The other face of the legend is morbid and self-destructive. I’m talking about the old belief that for some reason, Dallas is somehow not a product of national history, is untouched by national values, is not even bound by national law. Of course, Dallas believed that for a long time because for a long time, Dallas got away with it. We can look at a host of issues, from the Trinity River project to segregation, and see that notion at work.

It’s not true. We are a part of the nation. We are subject to its laws. And as migration, immigration and generational change have reformed Dallas, it has become a city that wants to embrace national values. The new Dallas shares those values, rather than seeing them as an invasive external force.

So … and I say that advisedly … I don’t think the anti-Broadnax forces will get him out the window. Some of what he’s doing will be a tough swallow for everybody at one point or another. It already has been, even for some of his most staunch supporters. And the guy’s not Jesus. He might have to take a haircut or two. But he will endure.

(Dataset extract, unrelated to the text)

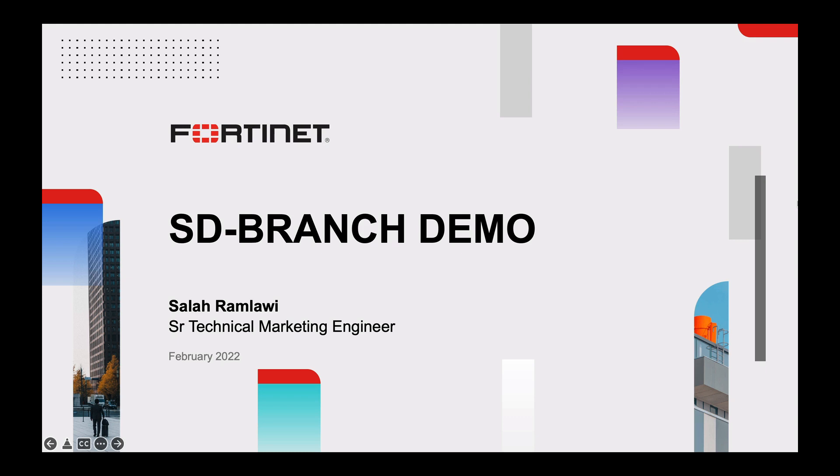Hello everyone, my name is Salah Ramlawi. I'm part of the TME team and today we're going to be talking about Fortinet's SD-Branch solution. Before jumping into the demo, I want to take a couple of minutes to talk about today's digital landscape and how Fortinet's solution applies to it.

His greatest assets may be two things. One is the feds. Unless the OIG just takes a total dive — does some truly rotten political deal that should be shoved down President Donald Trump’s throat — its continued presence at City Hall provides Broadnax with some cover he may need.

Then there is the city itself. I flat do not believe this city is going to go back into some hokey 1970s Confederate deal between the Dallas Citizens Council and the preachers to stave off integration by tossing Broadnax out a fifth-floor window. If I’m wrong, if he is defenestrated, I promise to go downtown, hat in hand, and whistle Dixie from the City Hall steps. After they clean up.